Argentinien: Gesetzesentwurf zur Liberalisierung des Rechts auf Schwangerschaftsabbruch wird abgelehnt, aber der Kampf geht weiter!

"Der Kampf um das Leben von Frauen wurde grün bemalt“
Maria Clara Ferreira von der brasilianischen Sektion des CWI (Comitee for a Worker’s International) berichtet aus Buenos Aires

Die Frauenbewegung in Argentinien hat eine stolze Geschichte der Einheit im Kampf um das Recht auf Schwangerschaftsabbrüche.

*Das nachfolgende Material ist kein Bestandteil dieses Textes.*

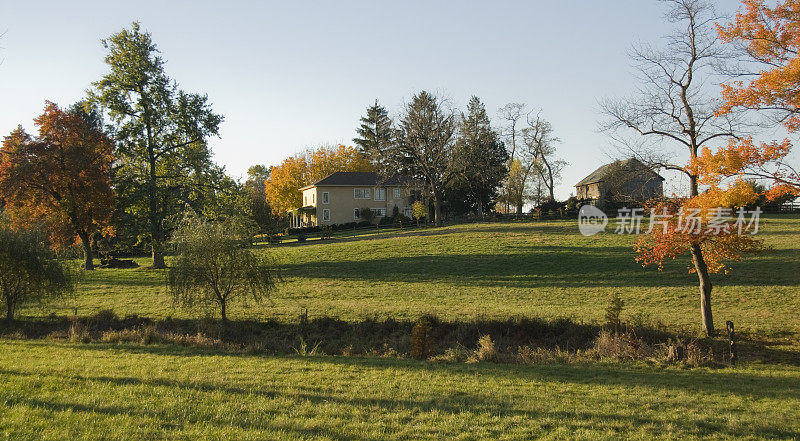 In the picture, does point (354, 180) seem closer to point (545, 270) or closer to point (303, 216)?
point (303, 216)

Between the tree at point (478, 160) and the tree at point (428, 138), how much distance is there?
5.73ft

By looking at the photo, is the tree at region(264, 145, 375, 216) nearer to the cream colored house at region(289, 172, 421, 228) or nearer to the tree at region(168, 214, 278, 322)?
the cream colored house at region(289, 172, 421, 228)

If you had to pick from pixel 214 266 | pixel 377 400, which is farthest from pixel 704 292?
pixel 214 266

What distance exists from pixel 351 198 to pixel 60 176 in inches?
1382

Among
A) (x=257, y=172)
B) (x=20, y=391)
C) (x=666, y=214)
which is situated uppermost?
(x=257, y=172)

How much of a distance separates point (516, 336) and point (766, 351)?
23.0 feet

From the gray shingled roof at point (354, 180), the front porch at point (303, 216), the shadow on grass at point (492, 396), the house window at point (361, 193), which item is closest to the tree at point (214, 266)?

Es war dieser Kampf, der vor elf Jahren zu einem Gesetzentwurf für das Parlament führte, der bisher schon mehr als sieben Mal debattiert wurde.

Das “Nationale Frauentreffen” (spanisch: Encuentro Nacional de Mujeres), das seit über 30 Jahren stattfindet und verschiedene Facetten der feministischen Bewegung zusammenbringt, hat die nationale Kampagne für das Recht auf legale, sichere und freie Schwangerschaftsabbrüche seit 2005 angeführt. Erst im gegenwärtigen Kontext der Instabilität des gesamten Systems, einer Repräsentationskrise und mit der Entwicklung einer neuen, sich ihrer Unterdrückung bewussten Generation, sah der Kampf um Frauenrechte eine Veränderung - zum Besseren.

In den letzten Jahren haben in ganz Lateinamerika immer mehr Frauen mobilisiert, die sich gegen all die Morde und Gewalt, die Frauen widerfährt, aussprechen. Die Initiative "Ni una menos" (Nicht eine weniger) begann im Jahr 2015 als spontane Demonstration, die zunächst in drei verschiedenen lateinamerikanischen Ländern stattfand, um die brutale Vergewaltigung und Ermordung von fünf jungen Frauen zu thematisieren. Diese Tat löste Empörung und Proteste auf den Straßen aus.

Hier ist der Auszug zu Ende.